Cyber criminals have stolen text messages, call logs and location data from the popular phone monitoring app LetMeSpy.
It’s a cruel twist of fate for the software provider, whose product enables customers to monitor other people’s phone activity.
The technology is advertised to parents for keeping an eye on their children and to employers for monitoring their staff. However, they have got more than they bargained for, as the information they have surreptitiously captured is now also in the hands of cyber criminals.
In a notice on its login page, LetMeSpy said an unauthorised actor accessed its internal systems on 21 June.
The compromised information includes users’ email addresses and telephone numbers, as well as the content of messages collected on accounts.
The spyware who bugged me
LetMeSpy is a controversial product even if you discount its privacy woes. It is essentially a piece of spyware that lets people breach others’ privacy and monitor what they’re doing.

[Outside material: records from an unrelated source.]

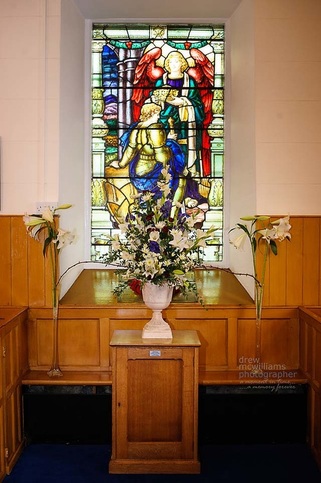 Stained glass window decorated for Harvest Service
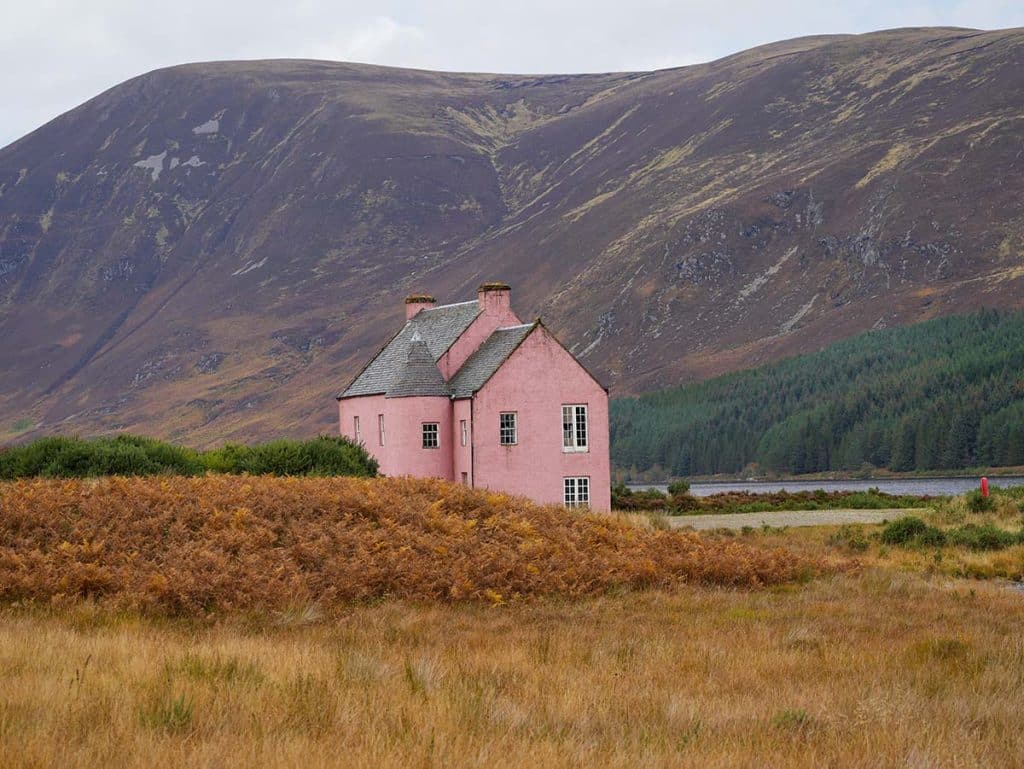 Pink House with mountain backdrop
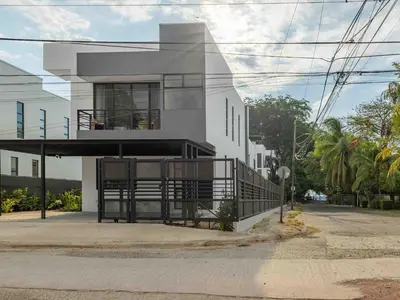 a white house with a balcony on a street at Mirame #4 - 3 Bedroom Villa Across from the Beach in Coco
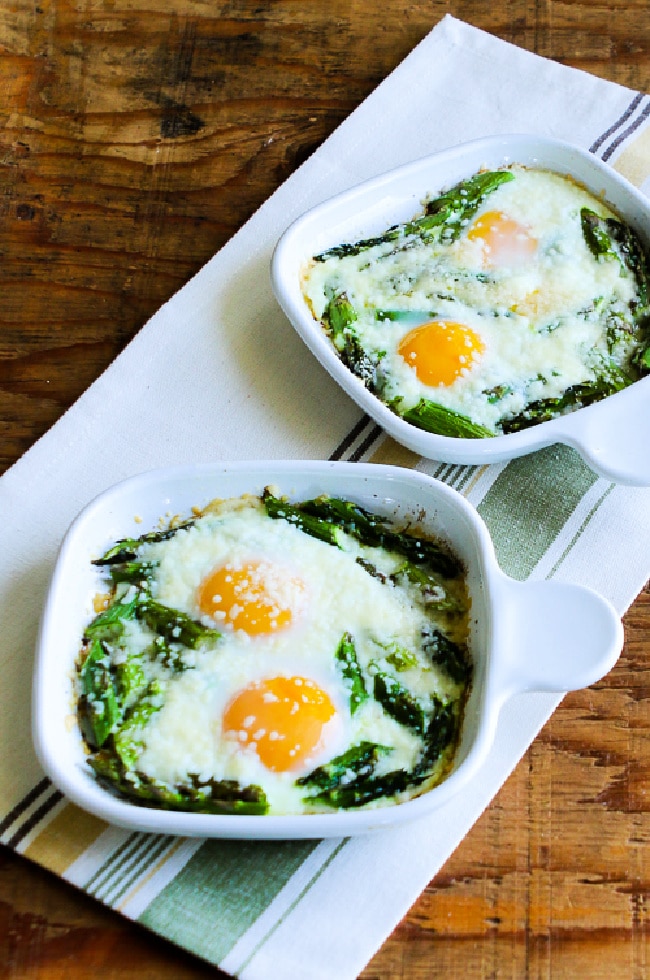 Baked Eggs and Asparagus with Parmesan finished eggs in two serving dishes
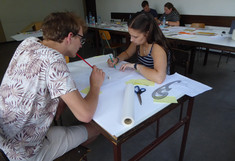 Zwei Studierende sitzen an einem Tisch und arbeiten konzentriert an einem großformatigen Papierplan. Ein Student hält einen Stift, die Studentin zeichnet mit einem Lineal und einem Kurvenlineal auf dem Papier.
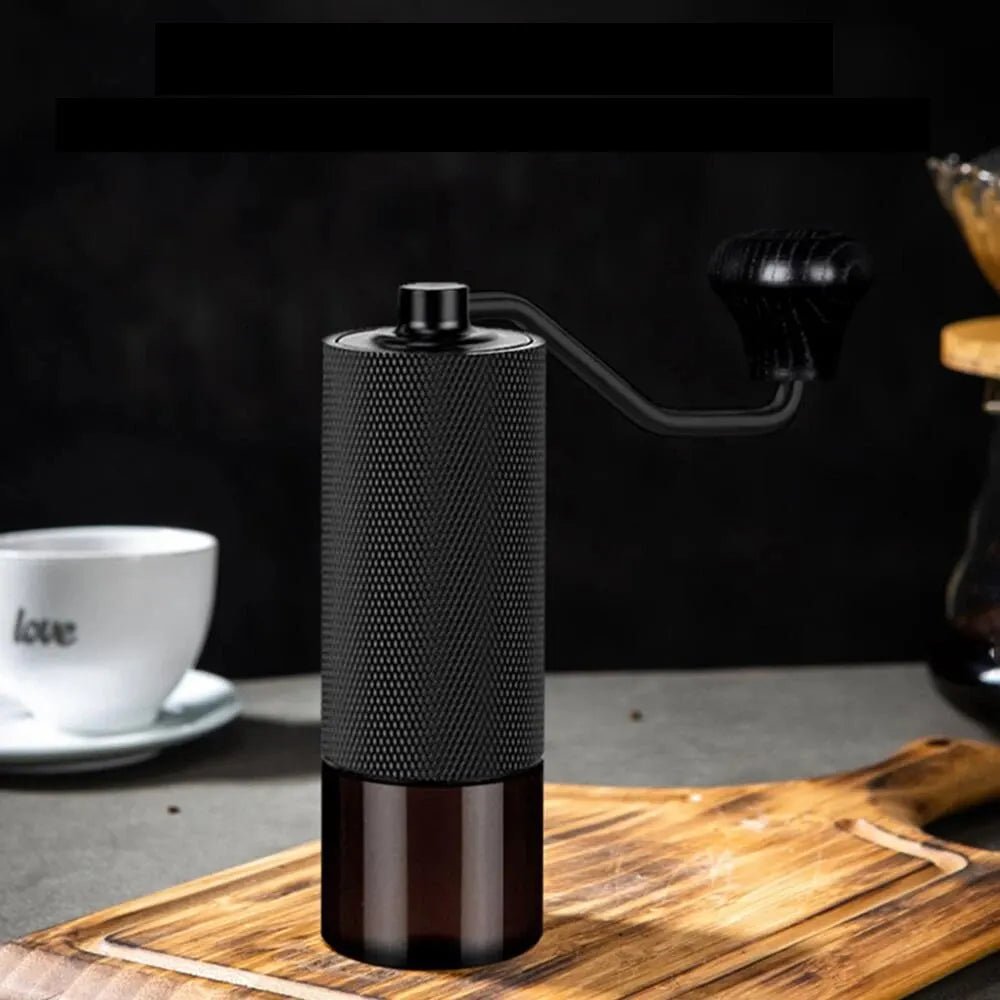 Black manual coffee grinder on a wooden surface with a blurred background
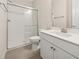 Bathroom featuring a sleek glass-enclosed shower and a modern single sink vanity at 13187 Telsen St # 38, Winter Garden, FL 34787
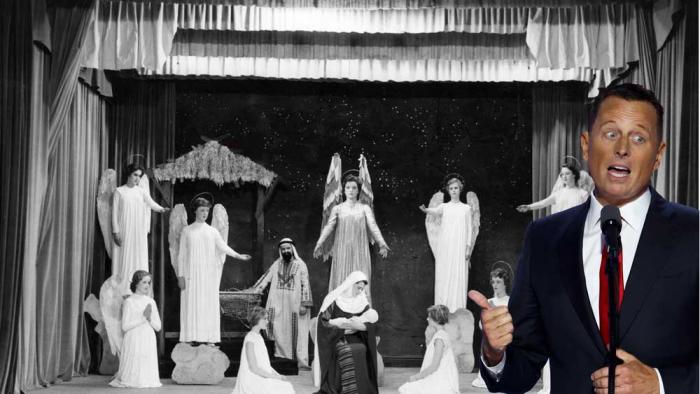 Ric Grenell (left) before a photo of a religious play celebrating the life of Jesus Christ.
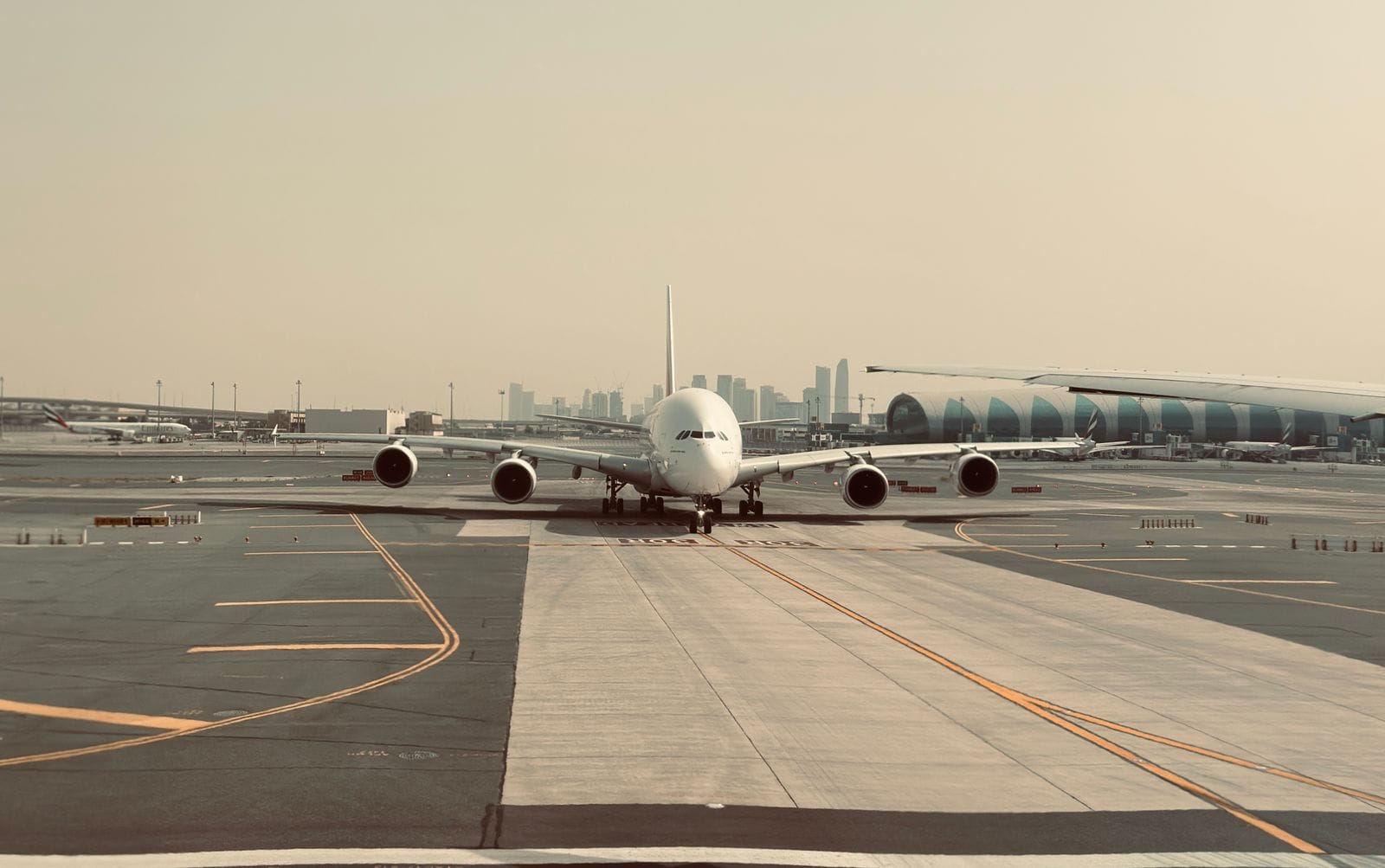 Самолёт Emirates на рулёжной дорожке аэропорта Дубая, за ним терминал и небоскрёбы города
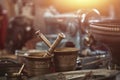 Vintage bronze mortars, copper cups and plates, sewing machine on countertop in sunday flea market. Royalty Free Stock Photo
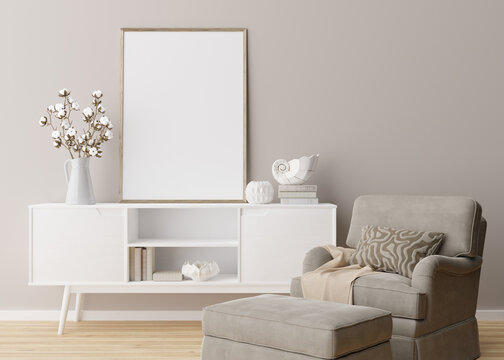 Empty vertical picture frame on cream wall in modern living room. Mock up interior in minimalist, scandinavian style. Free, copy space for picture. Console, armchair, cotton plant, vase. 3D rendering.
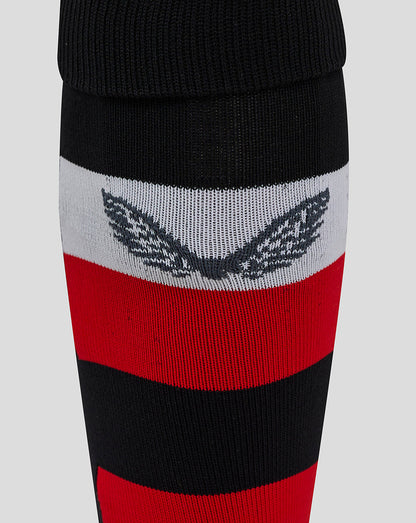 Ulster home socks close up showing black cuff white and red stripes with a wing crest.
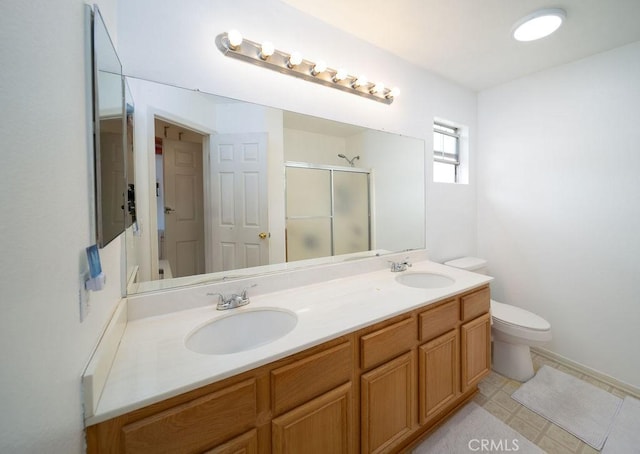 6933 Rio Grande Dr, Eastvale, CA 91752 - full bath with toilet, a shower stall, and double vanity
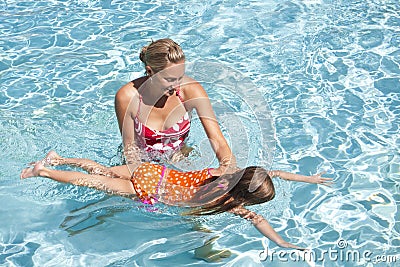 Little Girl learning to swim Stock Photo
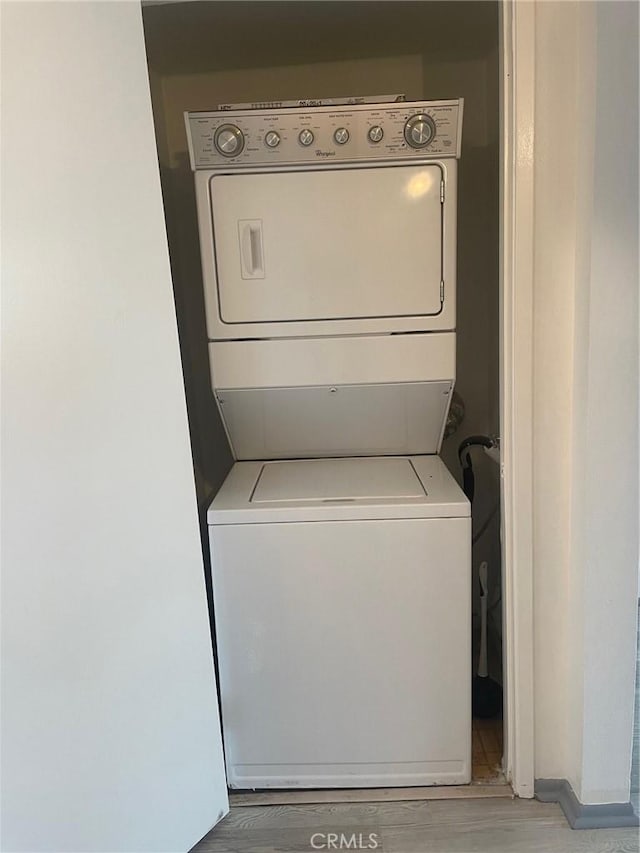 8505 Columbus Ave Unit 316, North Hills, CA 91343 - laundry room with stacked washer and clothes dryer and light wood finished floors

There might be an understandable reason to want this level of monitoring. LetMeSpy’s customers are ostensibly parents who want to protect their children from malign influences and employers preventing security threats.
In both instances, you can see why LetMeSpy would be useful. But there is something undeniably unpalatable about all of this. The software promotes itself on its lack of transparency, describing its product as “very light and […] invisible to the user”.
Elsewhere, it notes that its monitoring practices are designed to stay hidden, making it difficult to detect and remove.
It’s one thing to collect people’s personal data, but it’s something else to do so without informing them that you’re doing so – or how you’re doing it.
If the goal is to stop your children or your employees from accessing undesirable or unsafe content, there are easier and less intrusive methods than logging every single piece of activity on their device.
For instance, Google’s SafeSearch feature automatically filters out offensive and inappropriate material, while administrators can block access to certain websites.
These make for efficient and respectful solutions to the threat of dodgy Internet habits, whereas LetMeSpy offers not threat protection but entrapment. Users won’t necessarily know that certain websites are off-limits, and there are no barriers to prevent them from something that they are later confronted about.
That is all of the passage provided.